How AI creates photorealistic images from text

Pictures of puppy in a nest emerging from a cracked egg. Photos overlooking a steampunk city with airships. Picture of two robots having a romantic evening at the movies.

Have you ever seen a puppy in a nest emerging from a cracked egg? What about a photo that’s overlooking a steampunk city with airships? Or a picture of two robots having a romantic evening at the movies? These might sound far-fetched, but a novel type of machine learning technology called text-to-image generation makes them possible. These models can generate high-quality, photorealistic images from a simple text prompt.

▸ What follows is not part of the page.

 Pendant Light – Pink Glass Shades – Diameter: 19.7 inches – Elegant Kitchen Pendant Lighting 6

Within Google Research, our scientists and engineers have been exploring text-to-image generation using a variety of AI techniques. After a lot of testing we recently announced two new text-to-image models — Imagen and Parti. Both have the ability to generate photorealistic images but use different approaches. We want to share a little more about how these models work and their potential.

How text-to-image models work

With text-to-image models, people provide a text description and the models produce images matching the description as closely as possible. This can be something as simple as “an apple” or “a cat sitting on a couch” to more complex details, interactions and descriptive indicators like “a cute sloth holding a small treasure chest. A bright golden glow is coming from the chest.”

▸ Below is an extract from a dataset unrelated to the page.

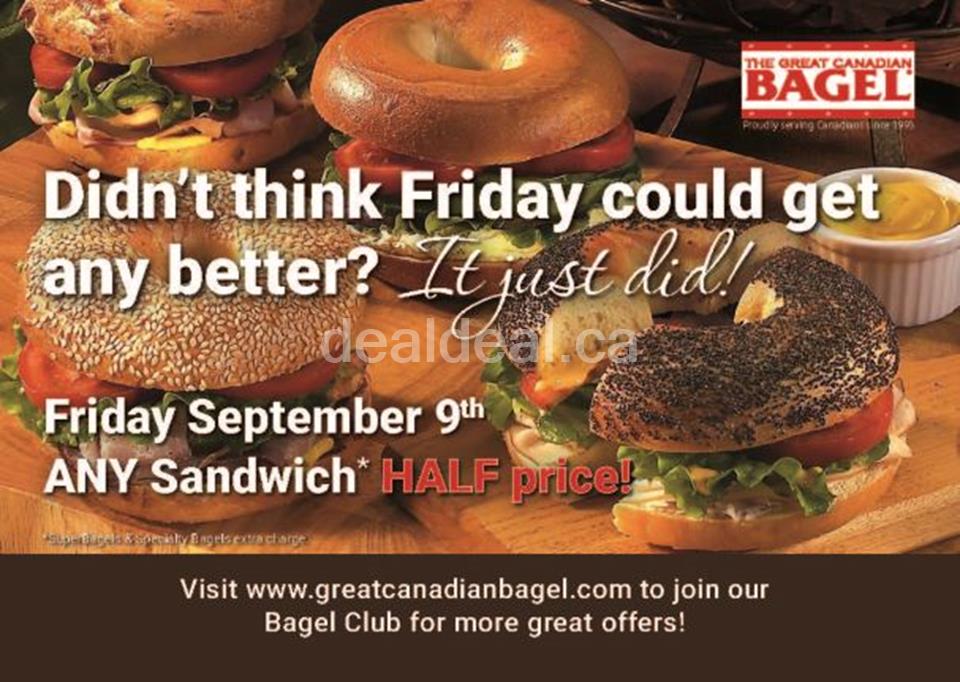 Half Price on Sandwiches at The Great Canadian Bagel - Oshawa photo 1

A picture of a cute sloth holding a small treasure chest. A bright golden glow is coming from the chest

In the past few years, ML models have been trained on large image datasets with corresponding textual descriptions, resulting in higher quality images and a broader range of descriptions. This has sparked major breakthroughs in this area, including Open AI’s DALL-E 2.

How Imagen and Parti work

Imagen and Parti build on previous models. Transformer models are able to process words in relationship to one another in a sentence. They are foundational to how we represent text in our text-to-image models. Both models also use a new technique that helps generate images that more closely match the text description. While Imagen and Parti use similar technology, they pursue different, but complementary strategies.

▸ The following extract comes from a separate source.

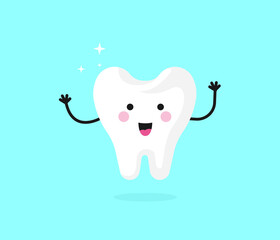 healthy and happy tooth character. Dental Care Vector Icon, Premium Design Element.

Imagen is a Diffusion model, which learns to convert a pattern of random dots to images. These images first start as low resolution and then progressively increase in resolution. Recently, Diffusion models have seen success in both image and audio tasks like enhancing image resolution, recoloring black and white photos, editing regions of an image, uncropping images, and text-to-speech synthesis.

Parti’s approach first converts a collection of images into a sequence of code entries, similar to puzzle pieces. A given text prompt is then translated into these code entries and a new image is created. This approach takes advantage of existing research and infrastructure for large language models such as PaLM and is critical for handling long, complex text prompts and producing high-quality images.

These models have many limitations. For example, neither can reliably produce specific counts of objects (e.g. “ten apples”), nor place them correctly based on specific spatial descriptions (e.g. “a red sphere to the left of a blue block with a yellow triangle on it”). Also, as prompts become more complex, the models begin to falter, either missing details or introducing details that were not provided in the prompt. These behaviors are a result of several shortcomings, including lack of explicit training material, limited data representation, and lack of 3D awareness. We hope to address these gaps through broader representations and more effective integration into the text-to-image generation process.

Taking a responsible approach to Imagen and Parti

Text-to-image models are exciting tools for inspiration and creativity. They also come with risks related to disinformation, bias and safety. We’re having discussions around Responsible AI practices and the necessary steps to safely pursue this technology. As an initial step, we’re using easily identifiable watermarks to ensure people can always recognize an Imagen- or Parti-generated image. We’re also conducting experiments to better understand biases of the models, like how they represent people and cultures, while exploring possible mitigations. The Imagen and Parti papers provide extensive discussion of these issues.

What’s next for text-to-image models at Google

We will push on new ideas that combine the best of both models, and expand to related tasks such as adding the ability to interactively generate and edit images through text. We’re also continuing to conduct in-depth comparisons and evaluations to align with our Responsible AI Principles. Our goal is to bring user experiences based on these models to the world in a safe, responsible way that will inspire creativity.